By defining rules that specify revenue streams and/or other privileges that match the characteristics and capabilities added by the expansion, the value to the expander is increased. As the expander captures more of the value that the expansion creates, the viability of this structural solution is improved. Thus, while allocating congestion, energy, and capacity revenues is important, the challenge facing regulators going forward is to think beyond congestion reduction to other sources of revenue that are appropriate to allocate to the expander because they would not be possible "but for" the expansion. Some of the broader benefits of transmission expansion include the following:
- Increasing reliability by improving the deliverability of generation to load during conditions that stress the reliability of the system;
- Creating the ability to move energy from one location to another where the energy has greater value, including the ability to move high priced emergency power;
- Improving the ability of power to move through the remainder of the transmission network by reducing the impacts of system contingencies on the rest of the system. In a security-constrained dispatch, this can improve normal flow limits on constrained transmission elements outside of the expansion;
- Providing ancillary services such as voltage support service by providing controllable reactive power output, both when there is flow over the expanded facilities and when there is not;
- For transmission expansions connecting multiple control areas, improving the ability of these areas to share operating reserves;
- Reducing market power by increasing the size of relevant geographic markets, thereby increasing the apparent number of competitors in energy, capacity, and ancillary service markets; and
- Within a control area, reducing the number of units that must be committed to meet expected regional loads by allowing a wider pool of generators and potentially diverse loads to be considered in the unit commitment decision thereby reducing system uplift costs associated with unit commitment.
In approving UDRs, FERC has signaled that it is willing to support new market incentives for structural improvement to the grid.
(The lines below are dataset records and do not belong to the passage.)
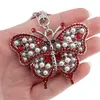 Breloc Fluture cu zirconii si perle, rosu - 10cm, imagine 2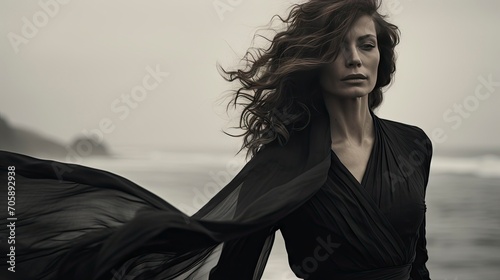 Mystique of the Wind  Elegant Woman with Flowing Hair and Sheer Black Attire Against a Hazy Backdrop.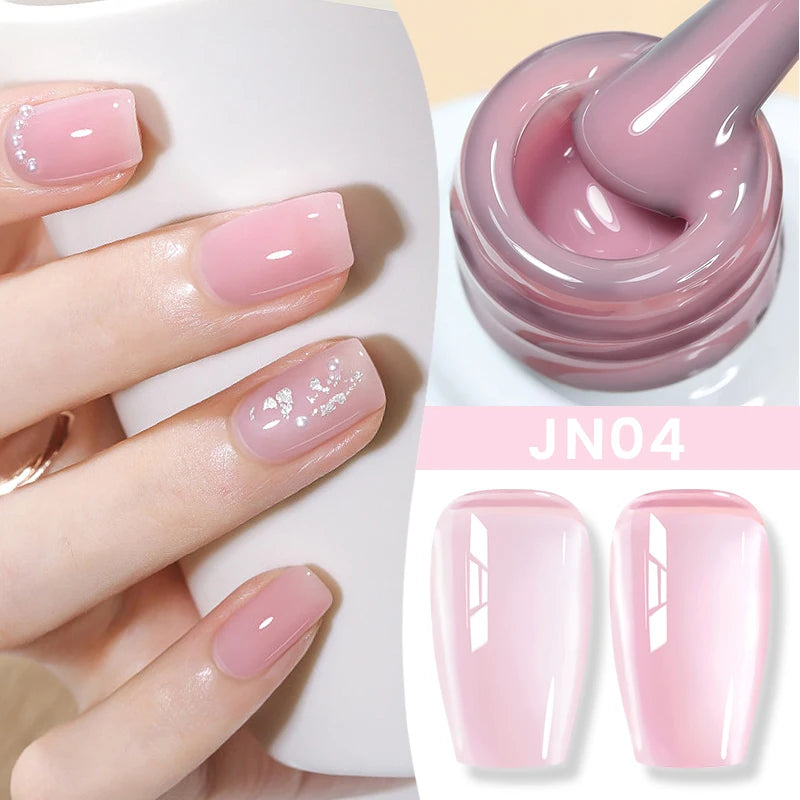 BORN PRETTYvernis à Ongles Gel, Semi Transparent, Soak Off UV LED, Vernis à Ongles Nude, N64.Gel Varjuvening,Art des ongles, 50 Couleurs, 10ml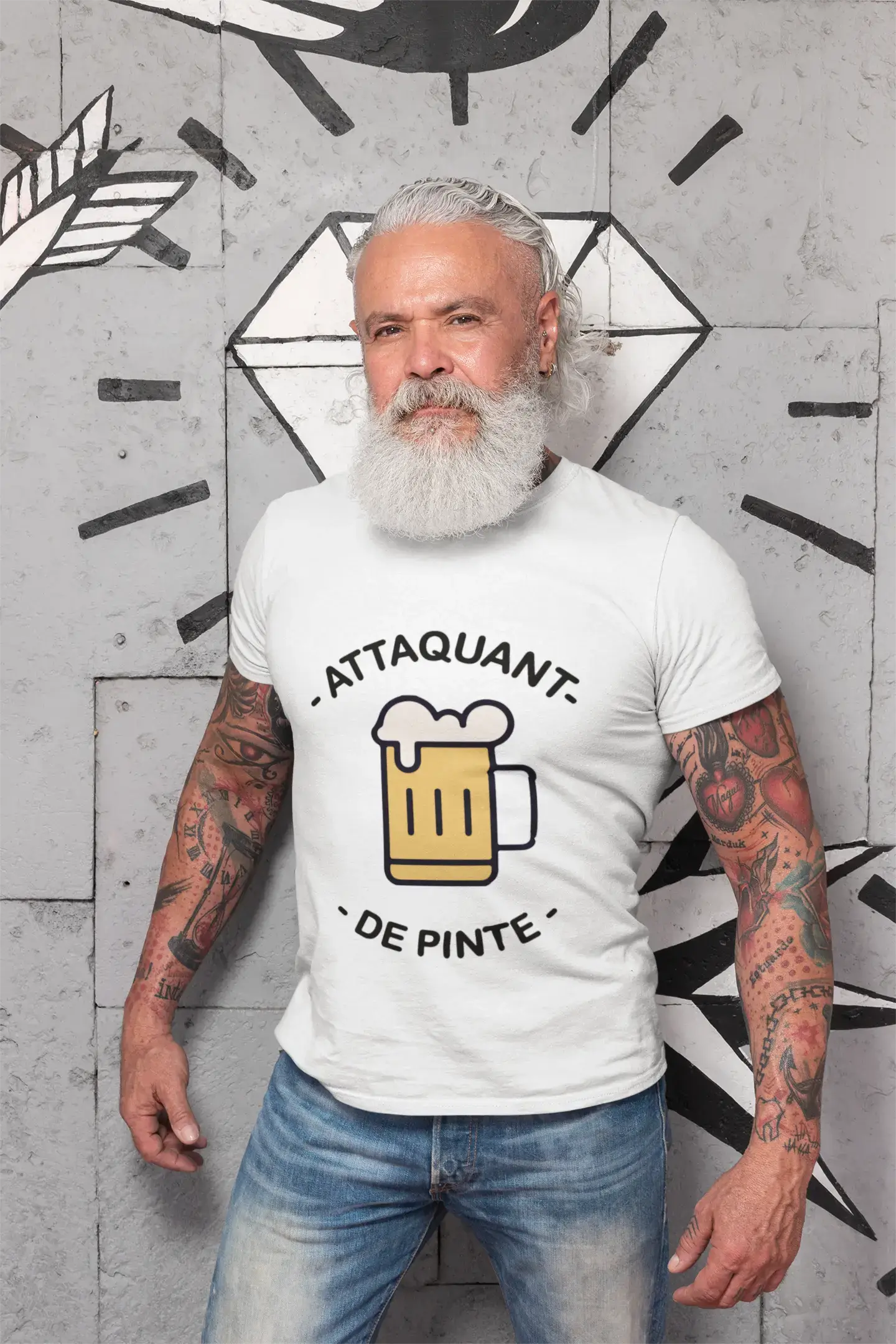 Homme T-Shirt Graphique Imprimé Vintage Tee Attaquant de Pinte Blanc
To ensure that structural remedies to congestion such as merchant transmission are viable, much more must be done. Further progress on developing additional market incentives and related mechanisms is important to ensure that economic improvements to the transmission system can and will be undertaken.
- Unforced Capacity is the means for accrediting generating capacity in NYISO, ISO-NE and PJM. Unforced capacity adjusts the amount of capacity a generating unit can sell to meet a resource adequacy requirement by that unit's availability (i.e. a 100-MW unit with a 95 percent availability can provide 95 MW of unforced capacity). This discussion focuses on capacity for simplicity.
- Customers in New York City must procure enough ICAP from resources in New York City to equal 80 percent of their peak load. Customers on Long Island must procure ICAP from Long Island resources to equal 93 percent of their peak load.
- Preliminary studies demonstrated that if the benefits of the CSC were spread to all customers on Long Island that the locational ICAP requirement could be reduced from 93 percent of LI peak load to 87 percent.